QI followed your advice of a couple of weeks ago (“How to remove a rust stain on a shower floor,” June 24) and successfully used CLR to remove rust stains from limestone (I think) tile. However, the CLR also removed the tile’s finish, a slight sheen, not high gloss. Is there a product you would recommend to restore the finish?
CLR is an acidic rust remover. Although it is safe to use on a plastic shower floor (the situation faced by the reader who wrote in initially), it can etch some types of stone. For that reason, the manufacturer recommends against using it on any natural stone, including limestone. A nonacidic rust remover, such as Lithofin Rust-EX, $19.95 at www.mystonecare.com, would have been more appropriate.
The sheen on stone tiles isn’t created by adding a shiny coating; it results from polishing the stone with finer and finer abrasives. Acidic rust removers ruin the shine because they eat away some of the surface, leaving it too rough to reflect as much light as before.
To re-smoothe relatively soft stones such as limestone, you can buy a product such as Etch Remover ProKit for Marble, Travertine, & Limestone ($34.95 at www.mystonecare.com) or MB Stone Care’s Marble Polishing Powder ($25.45 at www.mbstonecare.com). These contain a superfine abrasive that you rub on with a cloth. But these products can repolish only stone with superficial damage. They won’t work if you run a fingernail across the surface and feel a crater or even just roughness. And if the stone didn’t have a highly polished surface, they can make the repaired area too shiny. In that case, instructions with the ProKit product recommend evening out the sheen by dampening the area and sanding with 800-grit wet-dry sandpaper.
Because your tile didn’t have a hig-gloss finish to begin with, you might skip the repair kit and just buy fine sandpaper in several grits, maybe 240, 400, 600 and 800. Starting with the finest grit, test-sand a small area to see what matches the existing finish, then sand the entire tile or tiles with the damage. Dampen the tile first, to add lubrication.

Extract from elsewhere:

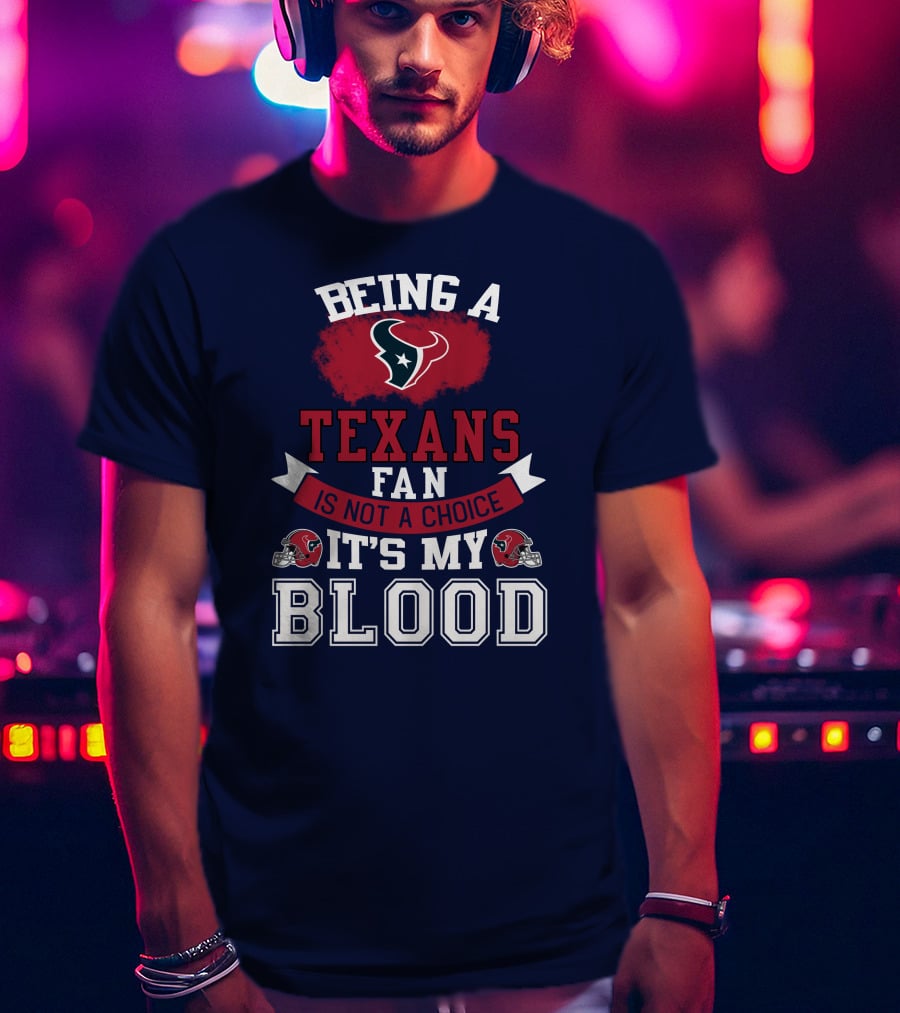 Being A Houston Texans Fan Is Not A Choice It's My Blood T-Shirt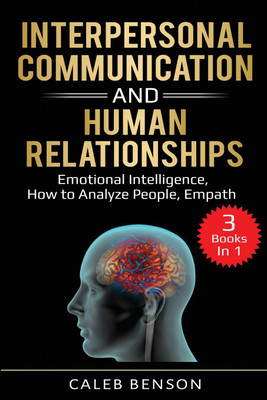 Interpersonal Communication and Human Relationships(English, Paperback, Benson Caleb)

When our house was built, we chose the cottage look using cedar shakes. The shakes were painted with a 100 percent acrylic product. It must have soaked into the raw cedar shakes well because we have not had to repaint the shakes now for 15 years. That being said, I have noticed that a couple of spots exposed to afternoon sun are starting to show signs of discoloration. However, the house as a whole still looks good. Should I clean and repaint the affected shakes, or should I repaint the entire house?
Spot repainting makes sense when a falling tree branch or other accident scrapes off the paint. But trying to touch up just the sun-damaged shingles for purely cosmetic reasons could become an exercise in futility. Your touch-ups will show, so the overall effect could be the same blotchiness you have now, just in a darker array of colors.
The problem is that even the paint that doesn’t appear to be bleached now will probably look bleached once it is next to shingles with fresh paint. The sun and weather exposure may have been less on the shingles you don’t repaint, but it wasn’t absent.
One solution is to repaint a whole wall or a section where there is an obvious break, such as where a wall bumps out. Light reflects differently depending on angles, so there shouldn’t be anything odd-looking about a slight difference in color from one wall to another. But repainting now, or in the next year or two, makes a lot of sense. Fifteen years is a good run for an exterior paint job. If you wait until the paint begins to peel, repainting will be more problematic and costly.